On Tuesday the Turkish ambassador held a number of meetings with different faction in the Iraqi parliament, including with three Kurdish members of the Patriotic Union of Kurdistan (PUK) whose party holds the position of Kirkuk governorship.
Yildiz said that he was very clear in his meetings that Turkey rejects imposing Kurdistan flag in Kirkuk as a de facto.
“In all of our meetings we expressed our concerns over raising the Kurdistan flag over state buildings in Kirkuk as a fait accompli,” Yildiz said, tweeting in response to an earlier report from Rudaw.
Rudaw Turkish service cited Rebwar Rasul, one of the Kurdish MPs who met the ambassador, as saying that Turkey is not against the decision of the Kirkuk Provincial Council to raise the flag of Kurdistan in Kirkuk.
“I said that we are against raising the flag of Kurdistan Region over the Kikuk [state] buildings,” Yildiz said, saying that the Kurdish delegation understood this stance of Turkey very well.
Yildiz however said that not only did they express their concerns, but also informed the Kurdish delegation that they would observe the situation, vowing not to remain silent.
“With regard to this act which violates the Iraqi constitution, Turkey would not stay silent [while] it adheres by the principle of respect for Iraqi internal affairs.

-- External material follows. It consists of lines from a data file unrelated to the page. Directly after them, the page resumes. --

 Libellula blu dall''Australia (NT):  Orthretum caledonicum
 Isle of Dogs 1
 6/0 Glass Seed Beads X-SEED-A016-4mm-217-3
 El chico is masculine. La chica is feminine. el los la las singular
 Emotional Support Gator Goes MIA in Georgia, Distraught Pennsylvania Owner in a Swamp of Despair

Turkey and the ambassador of Turkey in Baghdad will continue to observe the issue.”
The Kirkuk Provincial Council voted last Tuesday to raise the Kurdistan flag over state buildings in the province, some Turkmen and Arab representatives boycotted the session, following earlier concerns that the move may cause conflict among the city's various communities.
The central government in Baghdad has said that Kirkuk does not have the right to raise the Kurdistan flag as it is part of the disputed areas, areas claimed both by Baghdad and Erbil, and that it is still under the authority of the central government and therefore should abide by its regulations.

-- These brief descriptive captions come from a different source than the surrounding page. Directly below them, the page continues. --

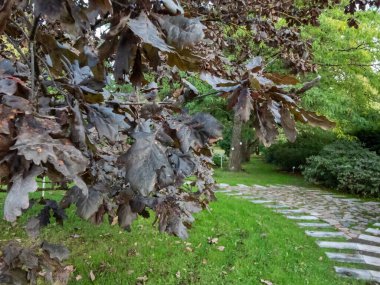 İngiliz meşesi (Quercus robur) 'Timuki' nin tüm sezon boyunca koyu mor yapraklı bir parkta bırakılmış mor ekininin yakın plan çekimi.
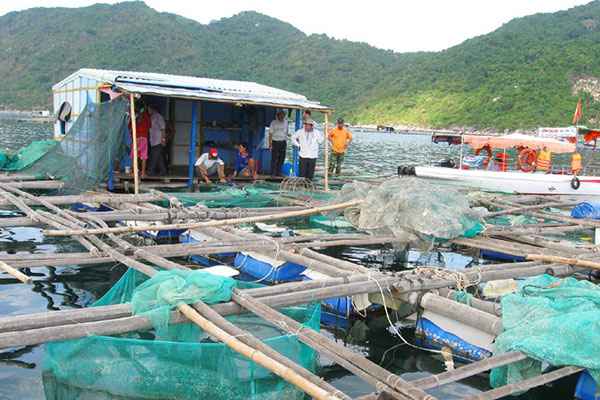 Phú Yên: Phòng, chống dịch bệnh cho động vật thủy sản 2019-2020
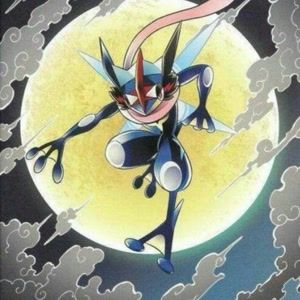 小智甲贺忍蛙qq头像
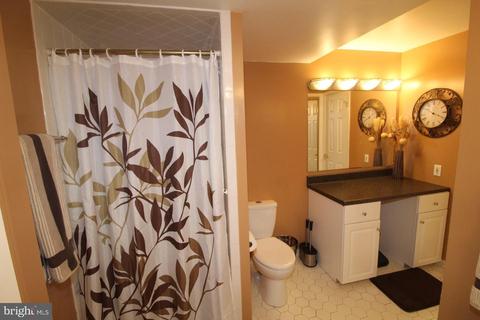 213 Windridge Acres Ct, Silver Spring, MD 20905 photo 35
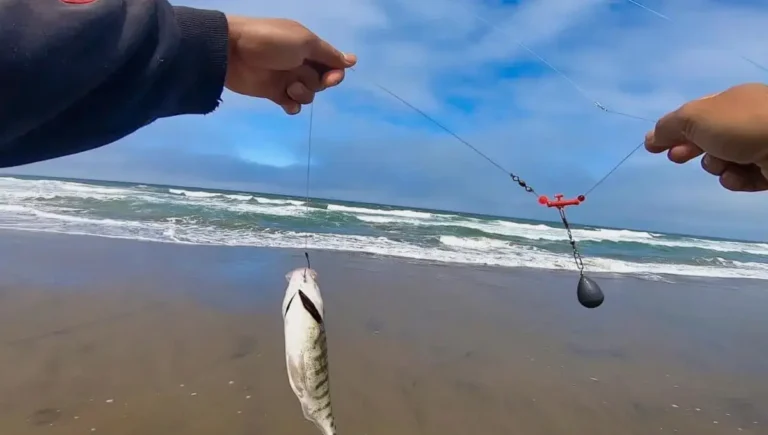 What Size Weight Should I Use For Surf Fishing?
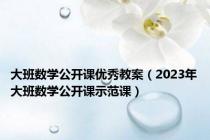 大班数学公开课优秀教案（2023年大班数学公开课示范课）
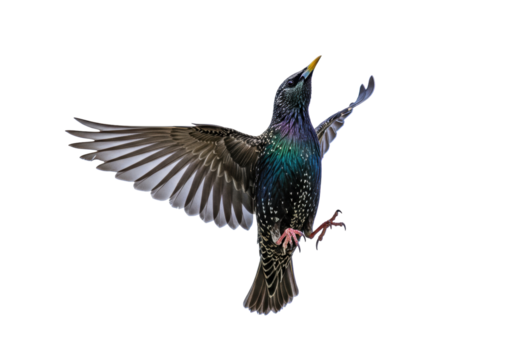 Isolated colorful European Starling bird with open wings in flight poses for stock photo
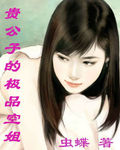男主女主是方磊,苏馨,柳雨萱的小说是什么_贵公子的极品空姐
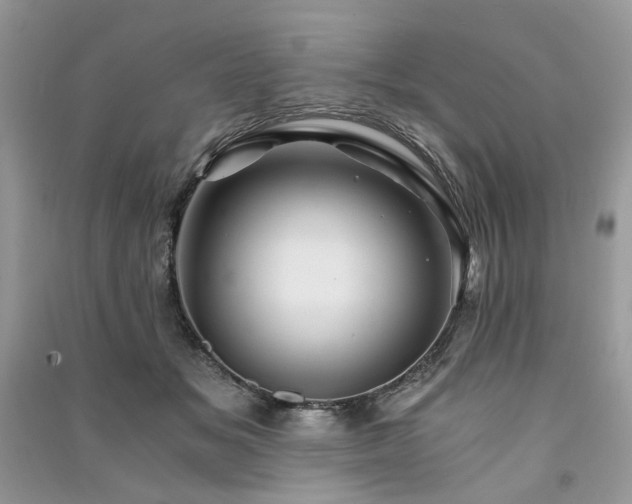 X0000091360509200708101422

Governor Najmaldin Karim raised the Kurdistan flag alongside that of Iraq over the castle of Kirkuk on the eve of the Kurdish New Year, Newroz, on March 20, after he signed a decree to raise the Kurdistan flag a week before. He then asked the Kirkuk Provincial Council to vote raising the flag over state institutions, which the council did on Tuesday.
The multi-ethnic city of Kirkuk is home to Kurds, Arabs, and Turkmen among others. It has been secured by Kurdish Peshmerga forces since mid-2014 after Iraqi government troops left the city ahead of a possible attack by radical Islamic insurgents when they took over large swathes of the country. The province has one of Iraq’s largest oil fields within its borders.
Karim defended the decision and said about two weeks ago that the Kurdistan flag does not represent the Kurds only.
“Kurdistan’s flag is not only the flag of the Kurds, it is the flag of all the social elements of Kirkuk. We tell those who want to instigate chaos: This flag is that of the Arabs and Turkmen, as well as the Kurds. It is the flag of Kurdistan, which is a place for everyone,” Karim said at last week’s Newroz event.